´La ciudad inexistente´, Anton M. Espadaler

Antes de la conversión del viajero en turista y de que este dejara de ser más o menos individual para ser siempre de masas, era relativamente fácil hacerse una idea cabal de las ciudades que se visitaban. En el fondo, cumplidos los pasos más perentorios, y efectuado el recorrido ineludible, bastaba con pasearse por sus calles y estar atento a la manera de conducirse de sus habitantes. Si la arquitectura ya constituía por sí sola un importante y fiable indicio, no lo era menos el bullicio y animación que se observaba en la vía pública, y, cómo no, las actividades que se apreciaban en los distintos comercios.

Nivel de vida, desarrollo del gusto, cosmopolitismo o apego a la vida provinciana eran aspectos que podían deducirse fácilmente al ir descubriendo la naturaleza de los oficios y ocupaciones, el orden callejero y el vestir, y de tal conjunto uno podía hacerse, especulando algo -aunque sin faltar- una configuración vívida del carácter de la ciudad. Y luego, subiendo un poco el listón, de la conexión entre su actualidad y su pasado, y de su lugar en el mundo.

Los escritos de los viajeros de todos los tiempos confirman a grandes rasgos el carácter espontáneo de esta manera de proceder.

Ahora bien, la masificación del turismo ha tenido una consecuencia sin duda inevitable que ha comportado la total alteración de este tipo de discursos y de este tipo de procederes. El turismo de masas ha impuesto la creación de algo que en principio no tenía por qué ser desastroso, pero que ha resultado serlo universalmente y sin paliativos: el comercio para turistas, ya sea un quitahambres, una tienda de souvenirs o de objetos de regalo. Con la consecuencia añadida de que en numerosas ocasiones ha supuesto la conversión de notables áreas urbanas en zonas especializadas al servicio de estos visitantes.

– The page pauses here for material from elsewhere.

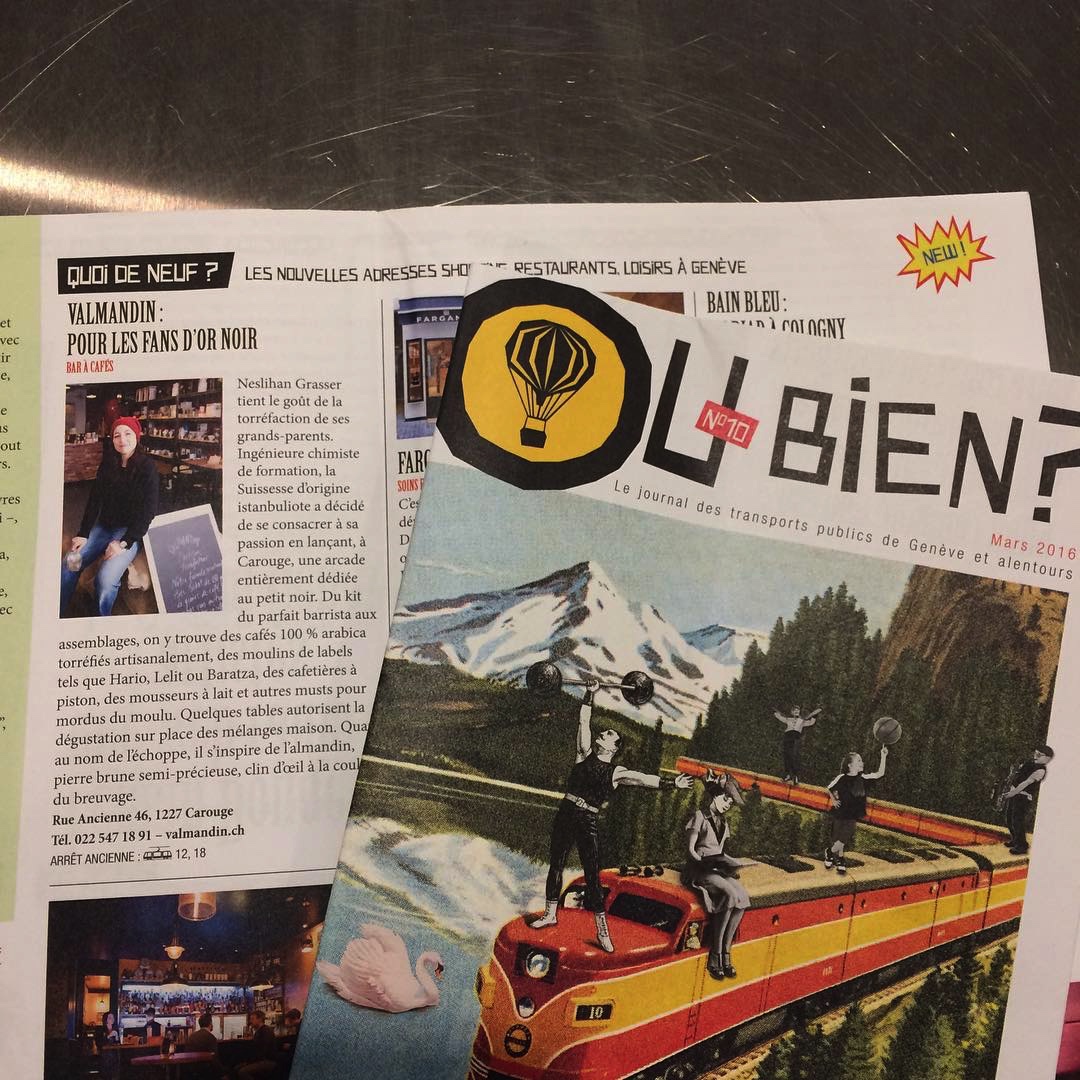 An article about Valmandin, the artisan roaster of gourmet coffee in Geneva as appeared in Ou Bien.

El resultado que este proceso tiene para el antiguo viajero no es solamente que las ciudades se van igualando, puesto que lo que ofrece el comercio al turismo globalizado y de masas es lo mismo en cualquier parte del mundo; ni tampoco que sus productos en cualquiera de sus vertientes sean de un mal gusto espantoso, así en la pizza como en el sombrero mexicano. Lo verdaderamente grave es que estas actividades y su estética enmascaran la ciudad que uno pretendía conocer, la cubren con un velo tan extraño, a veces tan alógeno, que uno se ve obligado a ver prescindiendo de ello. Uno se ve forzado a hacer un ejercicio de abstracción brutal, como si no existiera nada de lo que es evidente, para dar con lo que pudo haber debajo, en una anterioridad en la que la ciudad que uno visita se había expresado como era.